A federal appellate court in Texas has ruled that the state’s flagship university can continue to use race as a factor in admissions.
“To deny UT Austin its limited use of race in its search for holistic diversity would hobble the richness of the educational experience,” Judge Patrick Higginbotham wrote for a split panel of the 5th U.S. Circuit Court of Appeals.
The case, Fisher v. University of Texas at Austin, had been closely watched because it has already reached the Supreme Court. Last year, the court surprised many observers by failing to issue a sweeping decision on affirmative action.
Instead, the court sent the case back to the 5th Circuit for further fact-finding, saying the lower court should use “strict scrutiny,” the toughest form of review a court can apply to government actions, instead of deferring to the university’s judgment in the matter.

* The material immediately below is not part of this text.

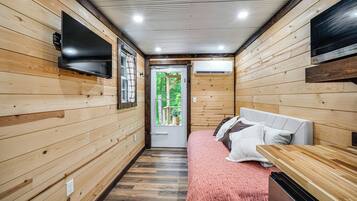 A wooden interior with a bed, a TV, and an air conditioning unit.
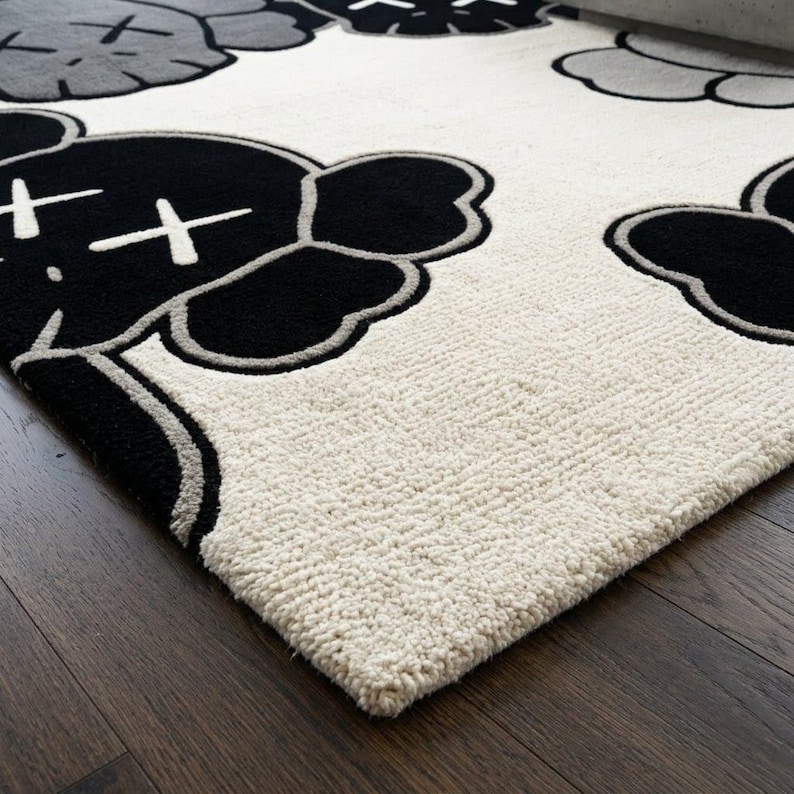 Detailed macro shot of a greyscale pop art character rug highlighting the thick, plush hand-tufted wool fibers, clean scissor-carving outlines, and contrasting black, grey, and cream textures by Crafted Treads Rugs.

The Supreme Court wanted a determination on whether the use of race as part of the admissions program was necessary and had been drawn as narrowly as possible.
Under Texas law, 75 percent of the university students are admitted under what is known as the Top Ten Percent Plan. If a student graduates in the top 10 percent of her high school class, she is admitted in Austin.
Because many high schools are dominated by one race or another, this has ensured that the University of Texas admits a high percentage of students who are Hispanic or African-American — but their numbers still fall far short of their share of the overall population of the state, in which minorities make up a majority.
The appellate court said it was OK for the university to use race as a factor beyond the 10 percent plan. Higginbotham wrote that the judges were “persuaded by UT Austin from this record of its necessary use of race in a holistic process and the want of workable alternatives that would not require even greater use of race, faithful to the content given to it by the Supreme Court.”
But Emilio Garza, who was the dissenting judge in the 2-1 decision, argued that the university did not offer “sufficient evidence that would prove that its admissions program is narrowly tailored to obtain the educational benefits of diversity.”
Lawyers challenging the university’s affirmative action plan have already pledged to appeal. Which means the Supreme Court could well rule on the case — and on affirmative action more broadly — once again.
In April, the Supreme Court ruled that a Michigan ballot initiative to ban racial preferences in college admissions is constitutional, overturning a lower court decision in that case.